Mazumdar and De Koker say the D2D CRC will explore opportunities and challenges posed by high-volume data harvesting and analytics in consultation with legal and national security experts.
“All governments are grappling with this issue…There is a lot of good that can come from big data analysis, but we need to balance our expectations and concerns,” De Koker says.
“In the modern world, one of the biggest threats to both national security and personal privacy is a person sitting in a room with a laptop.”
THE ADVISORY COUNCIL’S report to President Obama suggests future generations, who will have grown up with digital technologies, “may see little threat in scenarios that individuals today would find threatening”. It describes a future in which “digital assistants”, in the form of data collection cameras, film a woman packing her suitcase for a business trip. The bag is placed outside for pick-up, with her digital assistants sending the delivery instructions.

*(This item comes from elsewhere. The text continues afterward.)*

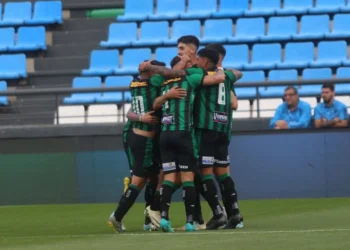 Festeja San Juan: San Martín es de Primera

The suitcase won’t be stolen because a streetlight camera is watching it and every item inside it has a tiny electronic tag that can be tracked and found within minutes.
Her world possibly “seems creepy to us”, but she has “accepted a different balance among the public goods of convenience, privacy and security than most people would today,” the report says.
“In the modern world, one of the biggest threats to both national security and personal privacy is a person sitting in a room with a laptop,” says Mazumdar. “That threat will only grow as the world becomes increasingly reliant on digital technology. We’re already detecting sophisticated ways to hide data and connections online. We need to improve our national capacity to detect and respond to that hidden information, but also to ensure control of that capacity, to respect and protect the rights of users online.”